Interestingly, such uses of the research findings are explicitly prohibited in the text of the Act. Section 804 stipulates that the law shall not be construed to permit the Federal Coordinating Council to mandate coverage, reimbursement, or other policies for any public or private payer based on the findings of researchers.
But that will not stop the government. In due time, Congress will strike, amend, ignore, or "provide clarification" such that it will be possible for the government to use these findings to substitute the cheapest possible care for patients, Canadian-style. Guaranteed. After all, if the findings cannot be used to inform policy making, then why bother doing the research at all?

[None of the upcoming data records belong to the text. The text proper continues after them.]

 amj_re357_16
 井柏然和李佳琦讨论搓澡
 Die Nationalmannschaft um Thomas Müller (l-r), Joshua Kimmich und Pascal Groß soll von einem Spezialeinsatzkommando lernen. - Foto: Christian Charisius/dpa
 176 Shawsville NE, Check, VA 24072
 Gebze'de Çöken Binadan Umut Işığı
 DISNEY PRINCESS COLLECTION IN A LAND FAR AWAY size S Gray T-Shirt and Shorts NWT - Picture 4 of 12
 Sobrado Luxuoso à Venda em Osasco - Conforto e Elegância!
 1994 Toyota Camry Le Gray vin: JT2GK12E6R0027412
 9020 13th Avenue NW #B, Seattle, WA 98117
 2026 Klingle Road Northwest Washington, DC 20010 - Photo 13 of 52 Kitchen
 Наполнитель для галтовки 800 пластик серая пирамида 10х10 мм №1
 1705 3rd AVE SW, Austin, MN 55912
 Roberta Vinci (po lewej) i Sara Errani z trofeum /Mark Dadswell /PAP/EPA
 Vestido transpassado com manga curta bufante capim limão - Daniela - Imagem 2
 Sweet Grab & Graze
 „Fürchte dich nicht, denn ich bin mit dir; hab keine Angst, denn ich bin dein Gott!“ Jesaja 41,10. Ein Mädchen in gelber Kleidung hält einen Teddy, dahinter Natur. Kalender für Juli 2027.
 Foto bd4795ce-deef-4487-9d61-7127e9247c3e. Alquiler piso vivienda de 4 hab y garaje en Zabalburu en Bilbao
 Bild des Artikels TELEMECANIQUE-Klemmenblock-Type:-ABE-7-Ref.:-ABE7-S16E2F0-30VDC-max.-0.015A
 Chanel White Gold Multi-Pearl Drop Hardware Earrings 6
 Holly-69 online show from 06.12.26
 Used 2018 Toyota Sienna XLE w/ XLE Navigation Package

Investing taxpayer money in the name of delivering care more efficiently does not change the fact that there is no rational justification for government involvement in healthcare in the first place. If a man is robbed at gunpoint, does it make any difference how carefully and "effectively" the thief spends the loot?
The purpose of government is to protect rights, not play universal problem-solver for all manners of health and welfare needs. To even discuss the alleged merits of such research is to evade the source of the funds (confiscatory taxes) and lend credibility to those who seek to expand the reach of government into medicine.
Comparative effectiveness research sets the stage for an unprecedented increase in the government's power to control what treatments providers can prescribe and to whom. We already have a mechanism by which to determine and reward best practices: the free market. But unless the market is allowed to operate unhampered and unfettered, we will never escape the cycle of programs breeding programs.
1 H.R. 679; 111th Congress (2009): American Recovery and Reinvestment Act of 2009
2 Paduda, J. "The horrors of effectiveness research" Managed Care Matters. In his article, Paduda writes: "I'm completely disgusted with the hypocrisy of the libertarian right; those who have screamed for years about the ineffectiveness of government, ranting nonstop about how government can't do anything right, yet are now screaming even louder as government attempts to make sure they are responsible stewards of the public's funds."